Progressive Degradation

By now you’ve probably heard designers throwing around the terms “progressive enhancement” and “graceful degradation” when discussing their web designs. I’ve come to realize that most designers and even some developers are misusing these terms. They are using them as excuses for designs that never tried to be universally accessible. I’ve begun to call this style of design what it really is: progressive degradation.

Progressive enhancement wouldn’t be possible if you started from the best-case scenario of your design. You’d have nothing to enhance! So the term itself implies the process: Start with your content and information architecture and implement a design that is accessible to everyone. You should be able to launch the website at this stage and be proud of it. Once you’ve achieved that, you can apply layers of “wow” to the site that take advantage of the newest technologies and most capable browsers. It’s a sensible way to design and it’s also the most sensible way to develop.
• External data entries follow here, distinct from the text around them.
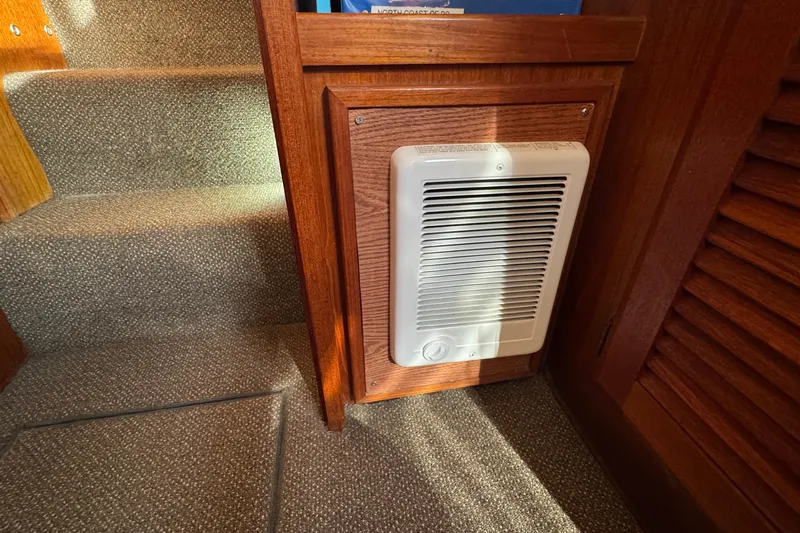 Lone Wolf Yacht Photos Pics Electric heat in master stateroom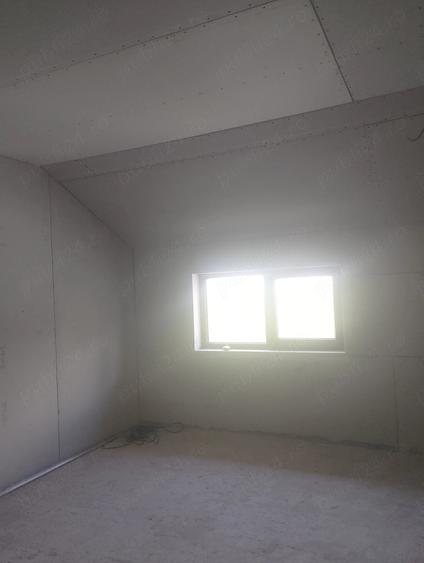 Casă cu Teren 300 Mp în Dascălu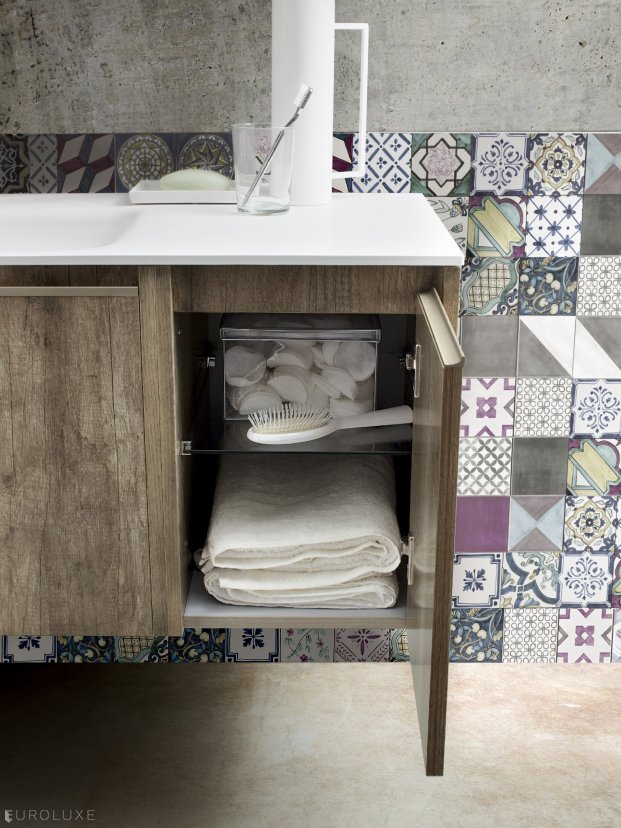 Movida - bathroom mirrors, bathroom d????cor, bathroom armoire, bathroom cabinets, , Movida Bathroom, bathroom accessories, bathroom tile, bathroom bench, bathroom vanities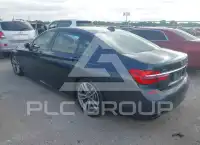 2017 BMW 750 фото
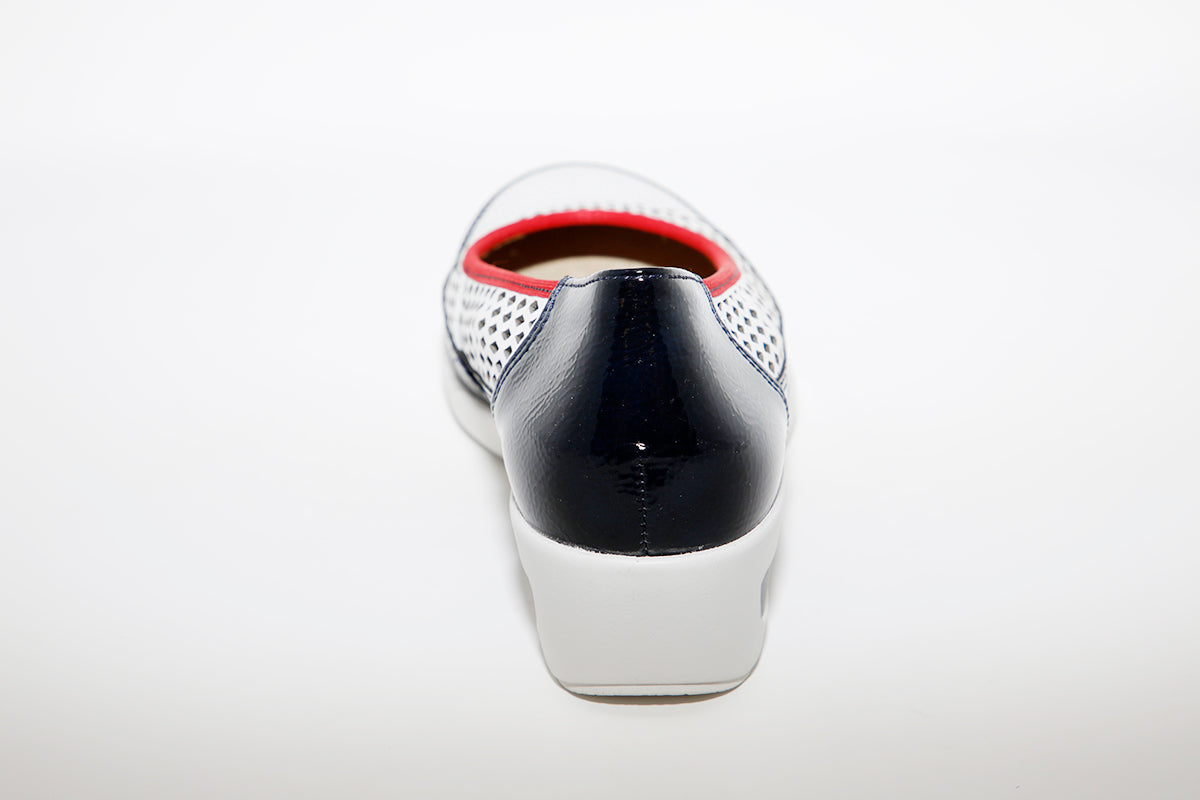 ARA - WEDGE SLIP ON SHOE - NAVY/WHITE/RED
Graceful degradation is not a design strategy, it’s a functional necessity, and it is not simply the reverse path of progressive enhancement. Graceful degradation is about not failing the edge-case user. It’s the worst-case scenario you have to provide for, whether you like it or not. If progressive enhancement is the icing on the cake, graceful degradation is the cake itself.

 

Progressive enhancement can go much farther than cosmetics. Ajax is a great example of progressive enhancement. Instant validation of forms, loading content without having to reload a page and responsive interactivity are all enhancements for the lucky users who can get them. But to qualify as progressive enhancement these features have to be treated like extras, not the default state. If you’re a designer, here’s an easy way to keep this straight in your mind. Imagine your client is visiting the website you designed in a browser that doesn’t support the “enhancements”. Would you still be proud of your work? If you really followed the principles of progressive enhancement and graceful degradation you would have no trouble answering “yes” to that question.

On the other hand, if you would be embarrassed to show anyone the dumbed-down version of your website, then you’ve probably used what I call “progressive degradation”. Progressive degradation is all the ways your design fell apart as it moved from the design phase through development and finally to the browsers. It’s what you get when you try to play progressive enhancement backward instead of forward or when you care more about the coolness of the design than about reality. Unfortunately, reality always wins in the end.